1. The problem statement, all variables and given/known data
Let A and B be nxn matrices such that AB is invertible. Show that A and B are also invertible.

2. Relevant equations

3. The attempt at a solution
I feel that there are many ways to do this. My first idea was to use the fact that CAB = I and ABC = I for some C, which implies that (CA)B = I and A(BC) = I, which means that A has a right inverse and B has a left inverse. But since A and B are nxn, BC and CA are not just right and left inverses, respectively, but they are the inverses of A and B. Is this correct reasoning?

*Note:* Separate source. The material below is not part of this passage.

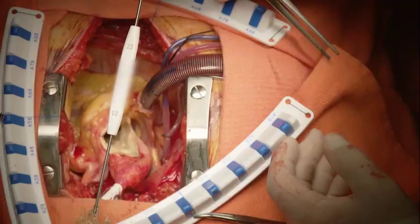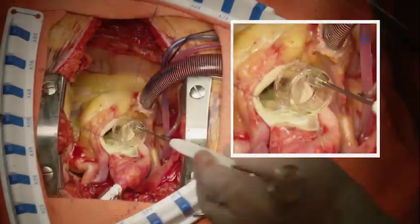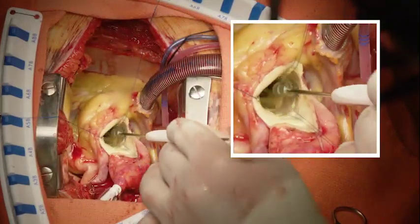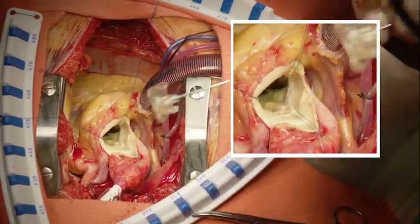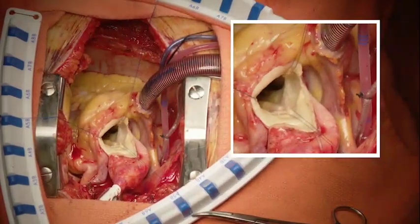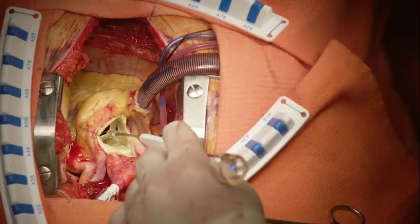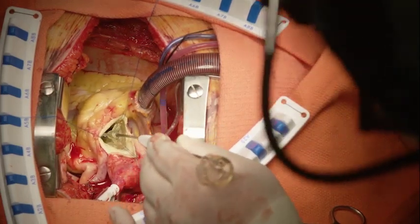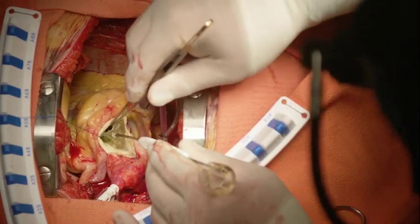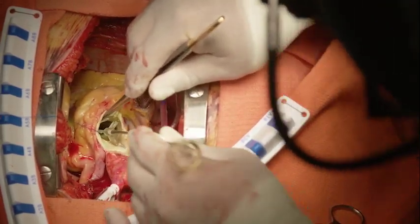This is a 23-millimeter Avalus sizer. The barrel sizer easily goes through the aortic annulus. An appropriately sized Avalus valve for any particular aortic annulus or aortic root should fit firmly into the root and have minimal to no sinus tissue protruding into the left ventricular outflow tract lumen. The 23-millimeter replica sizer fits well, with minimal tissue visible underneath the sizer once seated in place, indicating this most likely would be an excellent fit and the appropriate size.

Also, would it be any better to make use of the isomorphism from matrices and linear transformations, prove the result for linear transformations, and hence prove the result for matrices?

2. Feb 14, 2017

### Ray Vickson

3. Feb 14, 2017

### Mr Davis 97

I know about them, but in this course we are not allowed to use them yet.

4. Feb 15, 2017

### Staff: Mentor

You could show, that the kernels of $A$ and $B$ have to be $\{0\}$ and apply the dimension formula $\dim \ker C + \dim \textrm{im}\, C = n$ to show surjectivity.

5. Feb 15, 2017

### pasmith

This is correct; it is also the easiest way to prove the result.